Einde inhoudsopgave
Verordening (EU) 2017/745 betreffende medische hulpmiddelen, tot wijziging van Richtlijn 2001/83/EG, Verordening (EG) nr. 178/2002 en Verordening (EG) nr. 1223/2009, en tot intrekking van Richtlijnen 90/385/EEG en 93/42/EEG van de Raad
Artikel 51 Classificatie van hulpmiddelen
Geldend
Geldend vanaf 25-05-2017
- Bronpublicatie:
05-04-2017, PbEU 2017, L 117 (uitgifte: 05-05-2017, regelingnummer: 2017/745)
- Inwerkingtreding
25-05-2017
- Bronpublicatie inwerkingtreding:
05-04-2017, PbEU 2017, L 117 (uitgifte: 05-05-2017, regelingnummer: 2017/745)
- Vakgebied(en)
Gezondheidsrecht / Bijzondere onderwerpen
EU-recht / Marktintegratie
Gezondheidsrecht / Voedsel- en warenkwaliteit
1.
De hulpmiddelen worden ingedeeld in de klassen I, IIa, IIb en III, rekening houdend met het door de fabrikant beoogde doeleind en de inherente risico's ervan. De classificatie wordt uitgevoerd overeenkomstig bijlage VIII.
2.
Elk geschil tussen de fabrikant en de betrokken aangemelde instantie dat bij de toepassing van bijlage VIII ontstaat, wordt met het oog op het nemen van een besluit voorgelegd aan de bevoegde autoriteit van de lidstaat waar de fabrikant zijn geregistreerde vestigingsplaats heeft. Indien de fabrikant geen geregistreerde vestigingsplaats in de Unie heeft en nog geen gemachtigde heeft aangewezen, wordt de aangelegenheid voorgelegd aan de bevoegde autoriteit van de lidstaat waar de in punt 2.2, tweede alinea, onder b), laatste streepje, van bijlage IX bedoelde gemachtigde zijn geregistreerde vestigingsplaats heeft. Indien de betrokken aangemelde instantie in een andere lidstaat is gevestigd dan de fabrikant, stelt de bevoegde autoriteit haar besluit vast na raadpleging van de bevoegde autoriteit van de lidstaat die de aangemelde instantie heeft aangewezen.

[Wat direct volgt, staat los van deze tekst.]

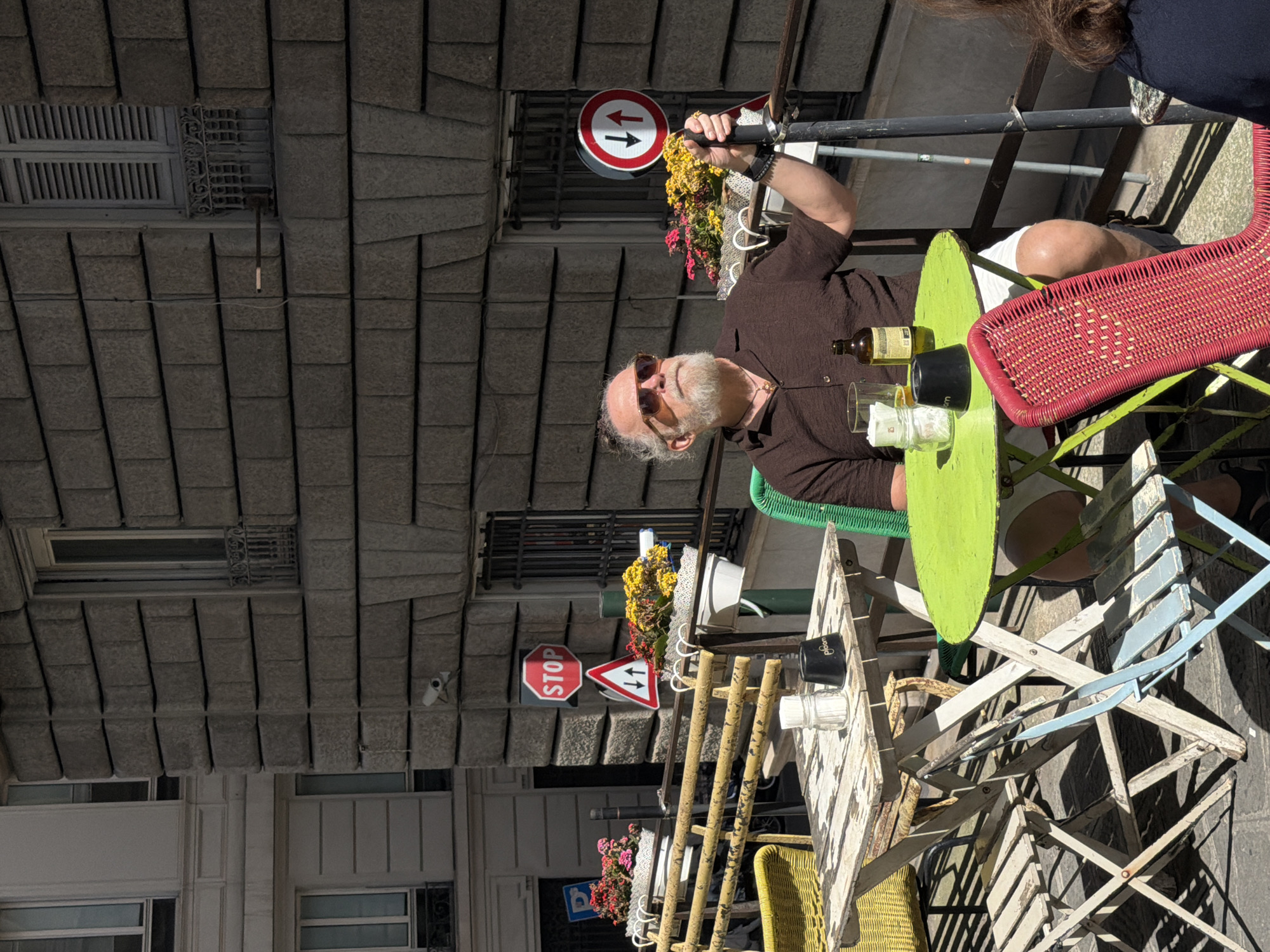 A slightly high-angle shot depicts a man with a white beard seated at an outdoor cafe in Genoa, Italy. He wears a brown short-sleeved shirt and sunglasses and looks up. A green, round table is in front of him, adorned with a brown glass bottle, glass tumblers, and what appears to be crumpled napkins. The man sits on a light green chair. To his right, a red wicker chair is also visible.
The cafe setting includes two tables, one with a light-colored wooden surface and another with a green surface. Street signs indicating traffic directions are visible above the cafe. The cafe is situated against a stone-tiled building facade, and a "Stop" sign can be seen behind the cafe. A security camera is mounted on the building. Other people are present but only partially visible in the frame.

De bevoegde autoriteit van de lidstaat waarin de fabrikant zijn geregistreerde vestigingsplaats heeft, stelt de MDCG en de Commissie van haar besluit in kennis. Het besluit wordt op verzoek beschikbaar gesteld.
3.
De Commissie besluit op verzoek van een lidstaat en na raadpleging van de MDCG, door middel van uitvoeringshandelingen over:
- a)
de toepassing van bijlage VIII op een bepaald hulpmiddel of een categorie of groep hulpmiddelen om de classificatie van dergelijke hulpmiddelen vast te stellen;
- b)
de classificatie, in afwijking van bijlage VIII, in een andere klasse van een hulpmiddel of categorie of groep hulpmiddelen om redenen van volksgezondheid gebaseerd op nieuwe wetenschappelijke gegevens, of gebaseerd op informatie die tijdens de vigilantieactiviteiten en de activiteiten inzake markttoezicht beschikbaar wordt.
4.
De Commissie kan tevens, op eigen initiatief en na raadpleging van de MDCG, door middel van uitvoeringshandelingen een besluit nemen over de in lid 3, onder a) en b), bedoelde aangelegenheden.
5.
Teneinde een eenvormige toepassing van bijlage VIII te garanderen, en rekening houdend met de relevante wetenschappelijke adviezen van de desbetreffende wetenschappelijke comités, kan de Commissie uitvoeringshandelingen vaststellen voor zover zulks nodig is om problemen betreffende uiteenlopende interpretatie en betreffende praktische toepassing op te lossen.
6.
De in de leden 3, 4 en 5 van dit artikel bedoelde uitvoeringshandelingen worden volgens de in artikel 114, lid 3, bedoelde onderzoeksprocedure vastgesteld.